Good films about Australian Aboriginals are rare and I love The Last Wave. The mythology and 'Dreamtime' of the Aboriginals is truly fascinating and beautiful and this film captures the conflict of their beliefs against laws of Modern Society very well , I feel. Chamberlain is excellent and I admire Peter Weir style of filmmaking greatly.

I find the film quite disturbing. The constant rain and thunderstorms, Chamberlain's nightmares and the scene where the little girl says she saw Jesus and His Angels and says, "I love Jesus, mummy", all conjure up a particular feeling of impending doom that isn't found in other End-of-the-World films.

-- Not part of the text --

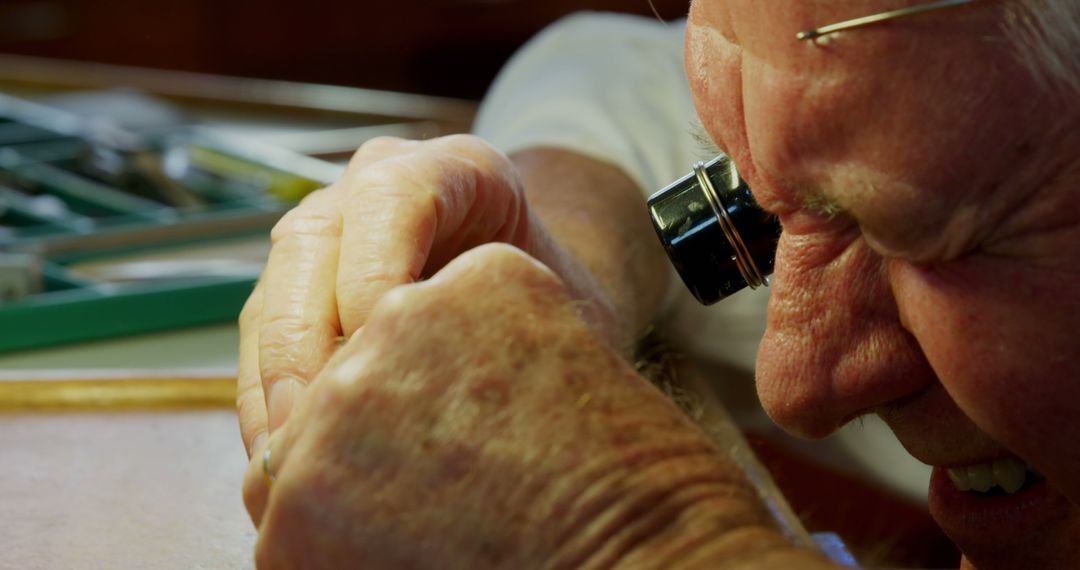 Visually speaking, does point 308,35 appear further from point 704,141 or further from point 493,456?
point 493,456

No one really knows how the Aboriginals got to Australia or from where or why they fled their original homeland. How long ago this happened is also sketchy. They may have been there for 80,000 years - perhaps longer. Being before the end of the last Ice Age (10,000 BCE - 8,000 BCE) it perhaps suggests a skill of navigation of the sea that was unknown to Man during this epoch. And what is the 'Last Wave'? What causes it? One theory is that global floods do occur and that advanced marinal civilisations may have existed in the distant past - indeed, as far back as 80,000 years ago. Charles Hapgood, in the mind-blowing, Maps of the Ancient Sea Kings (1966) after locating the now-famous and controversial Piri Re'is map of the world dating from sixteenth Century (the chronometer was not invented until 1735 - before this charting longitude to even an adequete degree was EXTREMELY difficult) that shows accurate cartography of Antarctica as it is beneath the ice drew the conclusion that part of Antarctica was once ice-free and had a temperate climate that sustained life - Atlantis. This race would have progressed unmolested over tens of thousands of years, mile away from less-advanced cultures slowly developing technologies and theories of the Earth, sciences and belief systems totally alien to our understanding. Hapgood suggests - and Albert Einstein agreed with him - that the Earth's crust must have shifted suddenly with such unimaginable force that it moved Antarctica into the Polar Zone, putting it 'into the freezer' so to speak, but also creating obscenely violent typhoons on a global scale that no human had or has since experienced. This is what a Last Wave is. They occur periodically throughout the Earth's life. Will it happen again? Yes.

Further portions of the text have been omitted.